Spaanse siësta in cruciale aanloopfase
Nadat de Italianen werden overrompeld door de pandemie, was Spanje het tweede land waar de verspreiding uit de hand liep. De beruchte Champions League-wedstrijd tussen het Atalanta Bergamo en het Spaanse Valencia ontketende binnen no-time een ongekende coronahaard in de regio Bergamo.
Ondanks de aanwezigheid van duizenden Spaanse supporters die COVID-19 ook aantoonbaar meebrachten naar eigen land, werd op 4 maart het risico op een pandemie zelfs nog naar beneden bijgesteld tot ‘minimaal‘. Ondertussen gingen grote evenementen door. Miljoenen Spanjaarden werden zonder enige vorm van bescherming, voorlichting of waarschuwing blootgesteld aan een dodelijk virus. In slechts tien dagen steeg het aantal besmettingen van 228 naar 6.381. Het ‘minimale veiligheidsrisico’ transformeerde in een lockdown van de meest draconische soort.
Lees hier de columns van Koen Greven over de situatie in Spanje.
Spanjaarden mochten tot juni alleen maar naar buiten om een hele goede reden. De politie kreeg assistentie van het leger om alles in goede banen te leiden. Bleven de burgers hierdoor massaal braaf binnen? Niet bepaald. Eind mei liet het Ministerie van Binnenlandse Zaken weten dat de autoriteiten meer dan 1 miljoen boetes hadden uitgeschreven voor lockdown-overtredingen. Relatief gezien veel meer dan in Italië en Frankrijk die een soortgelijk beleid kenden.
Drie maanden later ligt het de toename van nieuwe patiënten nog steeds boven het Europese gemiddelde. La Rioja en Madrid zijn al maanden de landsdelen met de hoogste diagnosedichtheid van heel Europa. Ze liggen qua sterfte vlak achter Groot-Brittannië. Ook op economisch vlak is de schade desastreus. De Centrale Bank van Spanje voorspelt een krimp van 9 tot 15 procent, percentages die overeenkomen met die van de jaren ’30 van de vorige eeuw…

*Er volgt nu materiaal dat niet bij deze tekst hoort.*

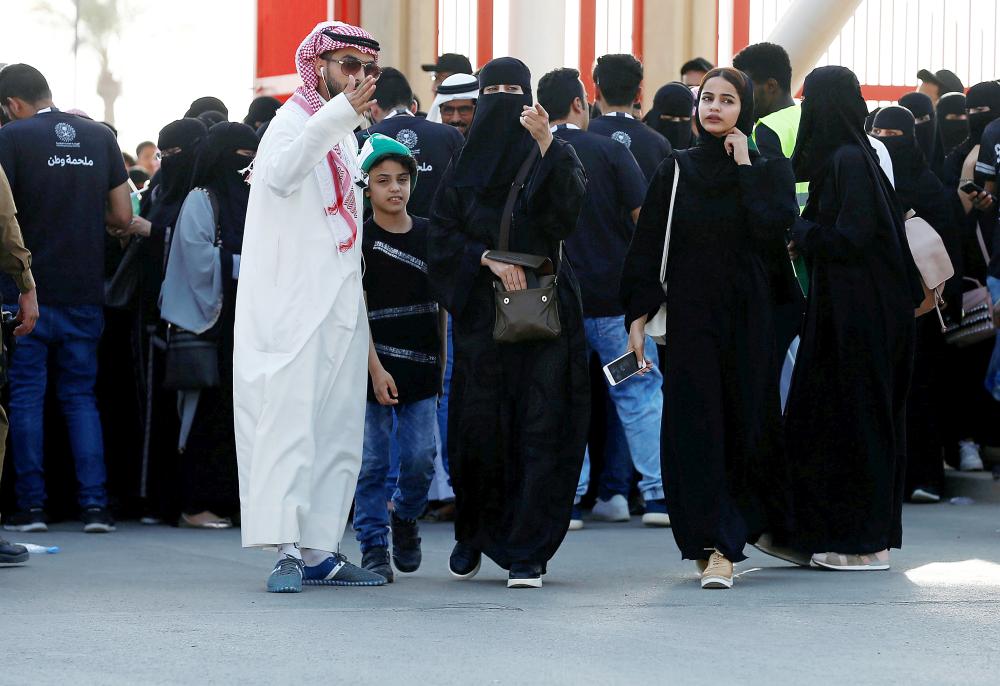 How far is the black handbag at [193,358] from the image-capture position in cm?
875

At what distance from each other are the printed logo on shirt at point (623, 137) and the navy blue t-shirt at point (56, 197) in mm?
2489

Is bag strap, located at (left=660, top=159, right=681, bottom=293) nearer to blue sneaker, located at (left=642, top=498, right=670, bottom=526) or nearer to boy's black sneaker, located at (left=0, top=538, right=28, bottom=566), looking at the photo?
blue sneaker, located at (left=642, top=498, right=670, bottom=526)

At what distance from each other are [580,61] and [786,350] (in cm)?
1201

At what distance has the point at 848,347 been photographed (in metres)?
6.89

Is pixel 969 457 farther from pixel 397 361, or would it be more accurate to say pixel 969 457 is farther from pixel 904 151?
pixel 397 361

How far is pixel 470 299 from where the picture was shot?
21.4ft

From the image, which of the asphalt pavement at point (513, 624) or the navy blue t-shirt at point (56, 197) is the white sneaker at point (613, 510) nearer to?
the asphalt pavement at point (513, 624)

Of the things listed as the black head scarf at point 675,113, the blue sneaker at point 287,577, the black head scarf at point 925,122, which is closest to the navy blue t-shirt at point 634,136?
the black head scarf at point 675,113

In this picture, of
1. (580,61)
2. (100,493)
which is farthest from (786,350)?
(580,61)

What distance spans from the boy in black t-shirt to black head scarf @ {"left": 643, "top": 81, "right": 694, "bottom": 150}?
10.7ft

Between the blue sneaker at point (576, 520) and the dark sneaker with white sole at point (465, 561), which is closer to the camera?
the dark sneaker with white sole at point (465, 561)

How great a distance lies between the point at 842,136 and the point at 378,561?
7.60 feet

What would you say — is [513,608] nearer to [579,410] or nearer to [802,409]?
[579,410]

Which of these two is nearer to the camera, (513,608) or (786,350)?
(513,608) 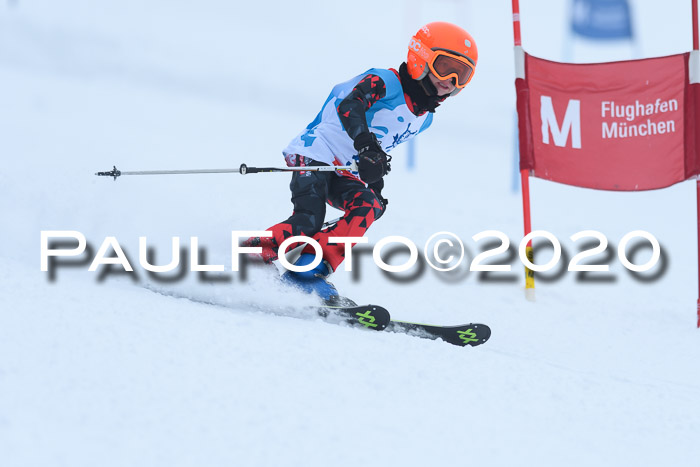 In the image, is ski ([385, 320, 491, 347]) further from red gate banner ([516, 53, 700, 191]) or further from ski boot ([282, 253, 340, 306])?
red gate banner ([516, 53, 700, 191])

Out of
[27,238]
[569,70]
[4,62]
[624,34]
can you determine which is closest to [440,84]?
[569,70]

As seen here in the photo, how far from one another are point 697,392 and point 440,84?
195 cm

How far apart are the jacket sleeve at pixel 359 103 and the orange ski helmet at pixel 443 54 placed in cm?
22

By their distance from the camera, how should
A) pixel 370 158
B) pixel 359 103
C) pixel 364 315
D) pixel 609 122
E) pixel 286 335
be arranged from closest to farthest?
1. pixel 286 335
2. pixel 364 315
3. pixel 370 158
4. pixel 359 103
5. pixel 609 122

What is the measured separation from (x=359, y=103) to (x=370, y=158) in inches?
13.8

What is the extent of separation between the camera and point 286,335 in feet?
9.60

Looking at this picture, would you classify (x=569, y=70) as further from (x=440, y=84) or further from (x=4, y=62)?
(x=4, y=62)

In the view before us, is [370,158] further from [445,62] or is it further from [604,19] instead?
[604,19]

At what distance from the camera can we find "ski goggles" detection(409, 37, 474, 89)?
12.7ft

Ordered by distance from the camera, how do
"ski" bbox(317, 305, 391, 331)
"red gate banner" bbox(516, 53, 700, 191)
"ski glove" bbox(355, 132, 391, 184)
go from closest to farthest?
"ski" bbox(317, 305, 391, 331)
"ski glove" bbox(355, 132, 391, 184)
"red gate banner" bbox(516, 53, 700, 191)

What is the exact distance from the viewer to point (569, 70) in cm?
542

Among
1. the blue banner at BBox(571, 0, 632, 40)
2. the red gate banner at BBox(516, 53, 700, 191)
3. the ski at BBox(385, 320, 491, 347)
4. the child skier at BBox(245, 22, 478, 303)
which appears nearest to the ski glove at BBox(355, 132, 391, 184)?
the child skier at BBox(245, 22, 478, 303)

Wit-Russen witheet om wegkijkende wodka-dictator
Bij een pandemie zijn er pakweg twee strategieën: gecontroleerd toewerken naar massa-immuniteit zoals Zweden. Of met maatregelen het reproductiegetal dusdanig verlagen dat de exponentiële groei van de pandemie stopt, zoals Spanje. Toch koos Wit-Rusland een derde optie: niets doen. President Alexandr Loekasjenko benadrukte vooral hoe hij zich absoluut niet bang liet maken door coronavirussen. Op televisie deed hij voor hoe hij zichzelf beschermde tegen dit ‘griepje’. Een combinatie van ijshockey, wodka, traktorritjes en militair machtsvertoon zou volgens hem het Wit-Russische wondermiddel zijn.

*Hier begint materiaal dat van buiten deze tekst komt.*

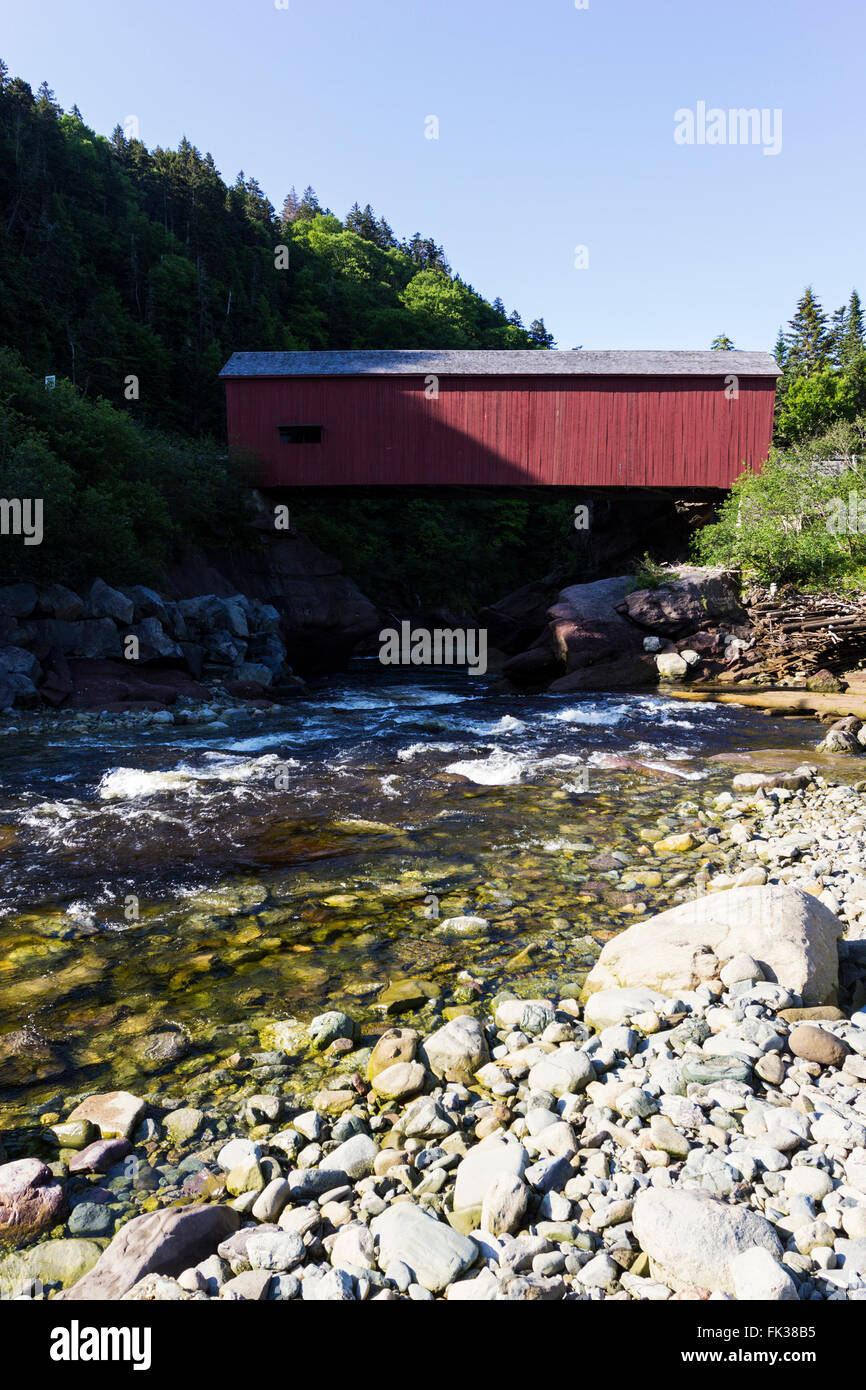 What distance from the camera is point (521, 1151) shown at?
8.43 feet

Omdat Loekasjenko al sinds 1992 ‘democratische verkiezingen’ wint met percentages van rond de 80% en hij vrije pers ongeveer net zulke onzin vindt als coronamaatregelen, moeten de cijfers uit Wit-Rusland met een grote korrel zout genomen worden. Zelfs op basis van deze onbetrouwbare data staat het land er op diagnosegebied verschrikkelijk voor. Ondanks een karig testbeleid ligt het aantal vastgestelde diagnoses op 57.333 op een bevolking van nog geen tien miljoen.

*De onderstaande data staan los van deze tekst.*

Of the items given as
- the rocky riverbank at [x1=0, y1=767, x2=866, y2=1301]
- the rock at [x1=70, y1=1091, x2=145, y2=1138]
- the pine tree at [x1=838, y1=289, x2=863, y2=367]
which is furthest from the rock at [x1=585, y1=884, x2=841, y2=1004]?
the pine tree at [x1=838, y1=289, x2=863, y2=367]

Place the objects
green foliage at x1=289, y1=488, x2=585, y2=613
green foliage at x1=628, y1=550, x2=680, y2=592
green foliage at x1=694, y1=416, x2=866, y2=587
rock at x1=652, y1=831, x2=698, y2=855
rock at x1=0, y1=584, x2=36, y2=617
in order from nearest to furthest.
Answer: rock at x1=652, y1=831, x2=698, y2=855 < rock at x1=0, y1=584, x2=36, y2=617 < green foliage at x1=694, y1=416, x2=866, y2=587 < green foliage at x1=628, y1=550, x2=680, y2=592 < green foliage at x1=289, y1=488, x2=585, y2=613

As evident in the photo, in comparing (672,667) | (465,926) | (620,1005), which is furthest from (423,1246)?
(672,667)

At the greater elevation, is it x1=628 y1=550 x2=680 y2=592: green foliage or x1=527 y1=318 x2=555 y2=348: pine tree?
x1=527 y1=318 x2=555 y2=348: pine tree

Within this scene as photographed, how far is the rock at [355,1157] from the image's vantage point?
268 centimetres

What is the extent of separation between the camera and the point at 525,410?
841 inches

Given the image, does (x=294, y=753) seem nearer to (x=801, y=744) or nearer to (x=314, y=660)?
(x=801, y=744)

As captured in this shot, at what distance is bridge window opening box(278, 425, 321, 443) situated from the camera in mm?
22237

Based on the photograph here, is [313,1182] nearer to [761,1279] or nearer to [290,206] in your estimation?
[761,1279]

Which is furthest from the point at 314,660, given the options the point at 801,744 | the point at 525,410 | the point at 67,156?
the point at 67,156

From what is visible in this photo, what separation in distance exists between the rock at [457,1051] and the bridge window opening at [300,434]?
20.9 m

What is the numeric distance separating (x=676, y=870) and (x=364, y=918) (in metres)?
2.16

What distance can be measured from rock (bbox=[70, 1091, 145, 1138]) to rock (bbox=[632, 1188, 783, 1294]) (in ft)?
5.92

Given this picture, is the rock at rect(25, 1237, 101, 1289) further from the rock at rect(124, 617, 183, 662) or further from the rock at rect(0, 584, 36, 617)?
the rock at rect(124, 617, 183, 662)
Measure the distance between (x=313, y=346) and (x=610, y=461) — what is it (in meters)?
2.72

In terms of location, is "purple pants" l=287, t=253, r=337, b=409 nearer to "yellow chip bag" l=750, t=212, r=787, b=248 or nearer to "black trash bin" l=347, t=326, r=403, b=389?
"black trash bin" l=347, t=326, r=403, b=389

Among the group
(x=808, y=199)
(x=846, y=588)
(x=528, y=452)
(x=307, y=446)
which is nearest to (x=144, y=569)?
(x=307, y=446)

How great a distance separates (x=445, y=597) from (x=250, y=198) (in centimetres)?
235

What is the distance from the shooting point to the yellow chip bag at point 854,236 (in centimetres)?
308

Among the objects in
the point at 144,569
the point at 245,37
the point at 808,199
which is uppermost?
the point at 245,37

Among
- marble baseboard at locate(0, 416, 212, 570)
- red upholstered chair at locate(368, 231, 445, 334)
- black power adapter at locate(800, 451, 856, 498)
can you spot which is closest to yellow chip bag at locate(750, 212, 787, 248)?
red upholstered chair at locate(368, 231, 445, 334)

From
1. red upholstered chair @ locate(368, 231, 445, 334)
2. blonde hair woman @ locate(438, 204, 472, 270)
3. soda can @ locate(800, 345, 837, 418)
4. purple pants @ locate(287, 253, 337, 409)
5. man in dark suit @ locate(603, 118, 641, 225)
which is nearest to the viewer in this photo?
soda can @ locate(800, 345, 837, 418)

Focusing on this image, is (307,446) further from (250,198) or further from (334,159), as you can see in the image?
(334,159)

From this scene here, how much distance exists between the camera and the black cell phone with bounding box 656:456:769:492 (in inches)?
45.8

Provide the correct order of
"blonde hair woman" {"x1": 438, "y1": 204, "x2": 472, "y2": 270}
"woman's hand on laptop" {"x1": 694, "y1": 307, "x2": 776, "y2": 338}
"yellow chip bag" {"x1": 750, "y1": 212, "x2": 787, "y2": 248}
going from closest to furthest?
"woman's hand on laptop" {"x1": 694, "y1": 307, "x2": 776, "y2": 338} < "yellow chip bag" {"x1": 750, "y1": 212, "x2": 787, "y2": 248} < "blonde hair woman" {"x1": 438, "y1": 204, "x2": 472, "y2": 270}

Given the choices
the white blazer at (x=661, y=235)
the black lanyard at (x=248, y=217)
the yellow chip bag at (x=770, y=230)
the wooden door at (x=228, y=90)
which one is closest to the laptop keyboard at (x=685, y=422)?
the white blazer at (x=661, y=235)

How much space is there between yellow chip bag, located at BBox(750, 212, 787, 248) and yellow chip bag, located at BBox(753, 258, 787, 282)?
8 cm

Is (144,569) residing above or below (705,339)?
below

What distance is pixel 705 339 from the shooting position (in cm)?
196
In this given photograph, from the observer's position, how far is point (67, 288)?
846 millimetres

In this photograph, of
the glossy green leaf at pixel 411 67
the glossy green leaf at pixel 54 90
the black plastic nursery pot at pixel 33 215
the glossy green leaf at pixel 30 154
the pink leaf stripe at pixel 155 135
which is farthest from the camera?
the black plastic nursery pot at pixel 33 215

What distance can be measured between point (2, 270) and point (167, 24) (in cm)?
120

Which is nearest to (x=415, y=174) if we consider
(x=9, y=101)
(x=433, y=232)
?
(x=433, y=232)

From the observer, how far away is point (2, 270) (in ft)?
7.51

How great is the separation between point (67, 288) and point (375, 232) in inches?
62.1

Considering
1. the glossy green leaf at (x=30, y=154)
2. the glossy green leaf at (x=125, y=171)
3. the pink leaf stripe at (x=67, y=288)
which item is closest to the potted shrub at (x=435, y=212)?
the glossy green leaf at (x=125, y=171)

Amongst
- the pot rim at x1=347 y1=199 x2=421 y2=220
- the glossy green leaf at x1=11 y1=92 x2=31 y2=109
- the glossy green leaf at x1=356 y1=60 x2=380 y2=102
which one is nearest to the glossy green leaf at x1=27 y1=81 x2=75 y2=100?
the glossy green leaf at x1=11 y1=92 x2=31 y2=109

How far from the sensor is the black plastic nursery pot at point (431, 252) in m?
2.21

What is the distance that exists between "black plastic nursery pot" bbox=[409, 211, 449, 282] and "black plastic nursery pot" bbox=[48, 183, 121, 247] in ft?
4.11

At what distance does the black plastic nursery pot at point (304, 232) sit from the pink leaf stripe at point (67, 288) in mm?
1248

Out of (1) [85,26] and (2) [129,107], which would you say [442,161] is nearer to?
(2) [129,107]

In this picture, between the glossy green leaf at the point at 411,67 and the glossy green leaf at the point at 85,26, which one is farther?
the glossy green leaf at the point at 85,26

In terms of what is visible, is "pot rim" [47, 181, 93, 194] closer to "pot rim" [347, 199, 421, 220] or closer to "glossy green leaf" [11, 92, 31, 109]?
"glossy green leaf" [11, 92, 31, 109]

Het dodental van 337 (0,5 procent van de besmettingen) is daarbij onrealistisch laag. Het (gebrek aan) beleid van de regering leidt tot steeds meer onvrede onder de bevolking. Die maakt dit ook steeds meer op straat kenbaar. En met verkiezingen in aantocht lijkt een winst voor de zittende president ineens helemaal niet meer zo vanzelfsprekend. Neemt Loekasjenko deze dreiging wel serieus? De twee kansrijkste opponenten zijn uit voorzorg in een gedwongen vorm van zelfisolatie gezet.
De landen in dit artikel vormen niet per se een ranglijst met de vier ‘slechtste’ coronalanden. Ze zijn bovendien niet de enige waar veel kritiek is op de corona-strategie. Ook in Rusland, België, Frankrijk en Italië gingen een hoop zaken niet goed.